Prior to owning the Sp-404A, I’ve been using computer software like Cool Edit and Garageband to cut samples and create loops. I’m still stuck with my old ways and have been importing my projects into the SP. Mainly using it for live performance based. I’ve also done some chopping on the fly when I’m out and about, taking sounds from whatever I plug into the 404. It’s great getting ideas down while on the road.When working in Garageband, I usually do all my arrangements in there and record layers of textures. Before the Roland Juno D, I was using the on board musical type with the laptop keyboard. Pretty ridiculous but it got the job done most if the time. I get it now why people are addicted to synths and the different sounds they produce.

Where do you get your sounds and samples? I’ve been collecting samples (digital & analog) for quite sometime now. I’ve learned all this through working with No Luck Club. I would recreate patterns of existing samples with different sounds. Sometimes layer the same sound to give it more oomph. At times I’d layer different drums to give it a certain feel when necessary.

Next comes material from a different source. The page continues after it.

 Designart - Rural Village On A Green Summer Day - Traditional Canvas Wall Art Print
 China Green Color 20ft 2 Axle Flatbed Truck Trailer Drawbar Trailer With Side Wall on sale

I’m no pro when it comes to making music. A lot of it was self taught and using the only things that was available to me. I guess what I’m trying to say is that there isn’t a right or wrong way on making music in my opinion. I’ve sat in conversations and I would be completely lost on production topics. Questions like how did you get it to sound like this and that. Trial and error I guess. Keep messing around with filters until you like it. I keep telling myself if past musicians can make it sound a certain way with the technology they had then, I can make it too. What to take from this post is that you don’t necessarily have to have to latest gear. Work with what you have and fully master it.